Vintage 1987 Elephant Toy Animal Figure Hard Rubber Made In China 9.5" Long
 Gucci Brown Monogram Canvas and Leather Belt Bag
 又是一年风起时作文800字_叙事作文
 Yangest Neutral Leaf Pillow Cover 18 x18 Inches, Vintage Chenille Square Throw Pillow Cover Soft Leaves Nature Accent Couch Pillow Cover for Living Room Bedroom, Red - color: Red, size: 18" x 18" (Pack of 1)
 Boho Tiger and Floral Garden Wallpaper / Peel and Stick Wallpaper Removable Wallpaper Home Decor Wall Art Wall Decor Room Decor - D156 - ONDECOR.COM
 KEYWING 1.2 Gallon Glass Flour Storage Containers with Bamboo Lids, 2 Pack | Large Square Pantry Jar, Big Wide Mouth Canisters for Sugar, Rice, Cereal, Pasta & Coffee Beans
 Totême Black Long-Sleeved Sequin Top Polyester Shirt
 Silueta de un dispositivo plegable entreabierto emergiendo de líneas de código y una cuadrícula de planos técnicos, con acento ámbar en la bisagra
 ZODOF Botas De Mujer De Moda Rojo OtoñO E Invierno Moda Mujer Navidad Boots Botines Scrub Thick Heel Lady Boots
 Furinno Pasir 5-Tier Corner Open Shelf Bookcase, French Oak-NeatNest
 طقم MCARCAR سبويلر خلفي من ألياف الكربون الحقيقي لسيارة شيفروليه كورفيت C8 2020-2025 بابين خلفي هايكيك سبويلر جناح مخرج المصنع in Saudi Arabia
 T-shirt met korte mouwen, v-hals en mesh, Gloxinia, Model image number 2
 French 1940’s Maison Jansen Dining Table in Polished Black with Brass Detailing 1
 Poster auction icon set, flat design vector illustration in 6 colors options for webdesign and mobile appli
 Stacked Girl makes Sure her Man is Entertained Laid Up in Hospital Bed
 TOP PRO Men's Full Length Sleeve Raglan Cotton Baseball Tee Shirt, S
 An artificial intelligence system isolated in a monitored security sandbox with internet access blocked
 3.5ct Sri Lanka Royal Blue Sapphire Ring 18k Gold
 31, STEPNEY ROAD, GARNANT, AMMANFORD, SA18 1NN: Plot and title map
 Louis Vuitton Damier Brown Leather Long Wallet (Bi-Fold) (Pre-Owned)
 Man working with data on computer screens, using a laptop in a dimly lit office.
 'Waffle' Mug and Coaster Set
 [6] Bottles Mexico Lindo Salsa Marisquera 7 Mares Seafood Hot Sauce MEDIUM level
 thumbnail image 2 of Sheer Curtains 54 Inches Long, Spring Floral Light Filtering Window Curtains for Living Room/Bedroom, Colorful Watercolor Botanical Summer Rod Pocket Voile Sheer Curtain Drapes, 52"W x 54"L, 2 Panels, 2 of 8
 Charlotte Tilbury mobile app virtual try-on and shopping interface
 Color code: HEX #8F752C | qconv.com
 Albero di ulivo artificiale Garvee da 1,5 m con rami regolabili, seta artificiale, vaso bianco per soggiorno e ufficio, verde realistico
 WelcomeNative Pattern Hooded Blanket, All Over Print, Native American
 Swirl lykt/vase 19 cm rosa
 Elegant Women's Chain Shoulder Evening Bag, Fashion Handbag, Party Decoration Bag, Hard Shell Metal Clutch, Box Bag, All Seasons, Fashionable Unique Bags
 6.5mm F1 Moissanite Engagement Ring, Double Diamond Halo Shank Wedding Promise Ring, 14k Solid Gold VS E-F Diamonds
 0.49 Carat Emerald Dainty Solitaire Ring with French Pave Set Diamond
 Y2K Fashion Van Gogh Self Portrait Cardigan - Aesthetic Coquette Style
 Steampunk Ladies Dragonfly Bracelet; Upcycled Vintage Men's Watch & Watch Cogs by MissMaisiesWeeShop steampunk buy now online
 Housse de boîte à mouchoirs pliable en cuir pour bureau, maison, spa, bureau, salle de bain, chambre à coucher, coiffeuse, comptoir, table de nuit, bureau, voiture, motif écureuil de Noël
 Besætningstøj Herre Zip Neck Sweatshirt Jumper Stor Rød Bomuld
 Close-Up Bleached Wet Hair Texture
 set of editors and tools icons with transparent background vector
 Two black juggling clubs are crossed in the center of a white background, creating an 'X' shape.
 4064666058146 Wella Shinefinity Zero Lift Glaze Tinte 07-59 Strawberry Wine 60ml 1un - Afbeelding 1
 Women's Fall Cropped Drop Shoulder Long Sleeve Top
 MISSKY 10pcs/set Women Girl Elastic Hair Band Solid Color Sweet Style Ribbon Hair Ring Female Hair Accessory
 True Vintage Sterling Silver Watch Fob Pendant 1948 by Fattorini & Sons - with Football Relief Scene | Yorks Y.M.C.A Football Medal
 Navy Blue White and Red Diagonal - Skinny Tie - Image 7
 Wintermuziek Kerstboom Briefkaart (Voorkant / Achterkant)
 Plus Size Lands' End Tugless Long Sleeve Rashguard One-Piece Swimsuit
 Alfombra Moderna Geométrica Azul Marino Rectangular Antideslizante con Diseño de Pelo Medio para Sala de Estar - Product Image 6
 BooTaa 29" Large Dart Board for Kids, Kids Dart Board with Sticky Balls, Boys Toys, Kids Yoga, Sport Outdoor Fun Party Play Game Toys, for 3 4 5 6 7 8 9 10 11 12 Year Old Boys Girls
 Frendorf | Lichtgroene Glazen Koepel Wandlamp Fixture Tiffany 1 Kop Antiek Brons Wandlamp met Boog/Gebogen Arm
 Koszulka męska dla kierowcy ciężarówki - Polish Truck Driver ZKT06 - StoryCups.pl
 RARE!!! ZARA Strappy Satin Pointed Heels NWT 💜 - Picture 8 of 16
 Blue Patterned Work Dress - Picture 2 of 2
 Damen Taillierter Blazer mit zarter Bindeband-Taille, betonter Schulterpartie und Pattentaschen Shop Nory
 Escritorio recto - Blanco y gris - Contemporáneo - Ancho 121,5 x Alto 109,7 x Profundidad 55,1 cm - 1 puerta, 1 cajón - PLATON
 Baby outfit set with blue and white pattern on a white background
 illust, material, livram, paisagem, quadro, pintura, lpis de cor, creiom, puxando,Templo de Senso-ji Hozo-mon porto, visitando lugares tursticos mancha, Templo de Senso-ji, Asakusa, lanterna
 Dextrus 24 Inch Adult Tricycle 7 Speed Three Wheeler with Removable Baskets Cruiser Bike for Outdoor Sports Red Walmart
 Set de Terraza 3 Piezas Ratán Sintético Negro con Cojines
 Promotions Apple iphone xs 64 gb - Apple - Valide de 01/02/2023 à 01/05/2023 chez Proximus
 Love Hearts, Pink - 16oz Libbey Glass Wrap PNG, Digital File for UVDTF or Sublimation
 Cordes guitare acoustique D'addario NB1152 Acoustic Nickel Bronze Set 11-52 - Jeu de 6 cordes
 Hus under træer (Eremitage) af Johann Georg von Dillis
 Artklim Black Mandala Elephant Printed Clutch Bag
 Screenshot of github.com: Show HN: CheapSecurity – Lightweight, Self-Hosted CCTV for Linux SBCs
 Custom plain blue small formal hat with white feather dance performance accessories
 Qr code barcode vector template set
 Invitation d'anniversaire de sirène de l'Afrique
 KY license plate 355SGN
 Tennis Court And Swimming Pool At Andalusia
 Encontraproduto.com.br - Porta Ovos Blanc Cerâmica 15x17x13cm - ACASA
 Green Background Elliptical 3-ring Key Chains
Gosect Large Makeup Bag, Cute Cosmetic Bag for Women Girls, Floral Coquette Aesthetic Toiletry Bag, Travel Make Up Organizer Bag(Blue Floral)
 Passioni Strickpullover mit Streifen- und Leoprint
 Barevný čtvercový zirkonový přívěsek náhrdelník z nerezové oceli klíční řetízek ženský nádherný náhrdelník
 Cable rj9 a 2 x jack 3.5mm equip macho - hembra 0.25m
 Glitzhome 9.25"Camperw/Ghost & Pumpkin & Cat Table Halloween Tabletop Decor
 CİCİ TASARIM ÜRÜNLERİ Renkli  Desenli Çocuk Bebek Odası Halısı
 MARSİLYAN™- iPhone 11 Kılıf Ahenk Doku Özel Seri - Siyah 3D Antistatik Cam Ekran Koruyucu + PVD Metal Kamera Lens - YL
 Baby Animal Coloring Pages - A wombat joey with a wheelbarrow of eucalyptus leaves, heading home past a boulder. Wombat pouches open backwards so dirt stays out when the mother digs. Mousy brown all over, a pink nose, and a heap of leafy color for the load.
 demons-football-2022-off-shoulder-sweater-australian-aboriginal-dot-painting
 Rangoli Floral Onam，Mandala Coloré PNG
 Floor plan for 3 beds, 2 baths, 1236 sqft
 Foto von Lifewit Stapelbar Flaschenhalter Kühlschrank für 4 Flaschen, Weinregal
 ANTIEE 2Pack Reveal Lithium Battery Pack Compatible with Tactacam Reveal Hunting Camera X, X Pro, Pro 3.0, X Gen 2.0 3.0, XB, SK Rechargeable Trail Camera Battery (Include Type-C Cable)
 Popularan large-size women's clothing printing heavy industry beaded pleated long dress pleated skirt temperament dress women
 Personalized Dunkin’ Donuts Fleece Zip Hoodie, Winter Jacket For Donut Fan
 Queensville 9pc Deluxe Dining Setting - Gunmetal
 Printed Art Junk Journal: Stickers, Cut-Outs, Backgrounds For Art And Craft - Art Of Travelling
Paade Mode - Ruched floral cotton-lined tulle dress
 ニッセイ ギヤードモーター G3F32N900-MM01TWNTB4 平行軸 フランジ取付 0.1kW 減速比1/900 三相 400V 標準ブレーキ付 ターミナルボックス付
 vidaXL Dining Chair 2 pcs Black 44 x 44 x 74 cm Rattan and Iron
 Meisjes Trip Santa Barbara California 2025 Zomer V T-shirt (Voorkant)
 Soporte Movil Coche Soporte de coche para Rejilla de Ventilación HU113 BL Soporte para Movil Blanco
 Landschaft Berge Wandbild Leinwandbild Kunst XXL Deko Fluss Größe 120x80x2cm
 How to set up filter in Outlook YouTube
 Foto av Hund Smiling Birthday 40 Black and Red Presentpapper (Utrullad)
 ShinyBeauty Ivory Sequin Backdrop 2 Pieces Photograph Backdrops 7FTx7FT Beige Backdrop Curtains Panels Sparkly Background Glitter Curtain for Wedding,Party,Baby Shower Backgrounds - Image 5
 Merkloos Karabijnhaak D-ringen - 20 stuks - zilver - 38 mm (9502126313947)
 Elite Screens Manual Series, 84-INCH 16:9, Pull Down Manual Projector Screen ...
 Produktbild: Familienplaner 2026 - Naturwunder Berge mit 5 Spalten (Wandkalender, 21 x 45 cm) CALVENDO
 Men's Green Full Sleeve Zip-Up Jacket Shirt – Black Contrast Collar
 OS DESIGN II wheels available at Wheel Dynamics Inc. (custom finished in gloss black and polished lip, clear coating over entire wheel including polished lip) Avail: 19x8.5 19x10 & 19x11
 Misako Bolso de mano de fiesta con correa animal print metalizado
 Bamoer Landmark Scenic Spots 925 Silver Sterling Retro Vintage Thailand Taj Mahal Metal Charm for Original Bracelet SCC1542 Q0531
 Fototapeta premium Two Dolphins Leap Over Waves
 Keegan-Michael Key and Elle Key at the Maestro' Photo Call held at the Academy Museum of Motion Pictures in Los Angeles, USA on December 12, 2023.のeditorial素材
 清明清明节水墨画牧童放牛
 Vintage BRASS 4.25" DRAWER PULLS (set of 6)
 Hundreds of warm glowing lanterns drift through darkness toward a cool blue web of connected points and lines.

- _TASK PROMPT_
Copy each line of the listing above that includes the word "Sterling".

- _FINAL ANSWER_
 True Vintage Sterling Silver Watch Fob Pendant 1948 by Fattorini & Sons - with Football Relief Scene | Yorks Y.M.C.A Football Medal
 Bamoer Landmark Scenic Spots 925 Silver Sterling Retro Vintage Thailand Taj Mahal Metal Charm for Original Bracelet SCC1542 Q0531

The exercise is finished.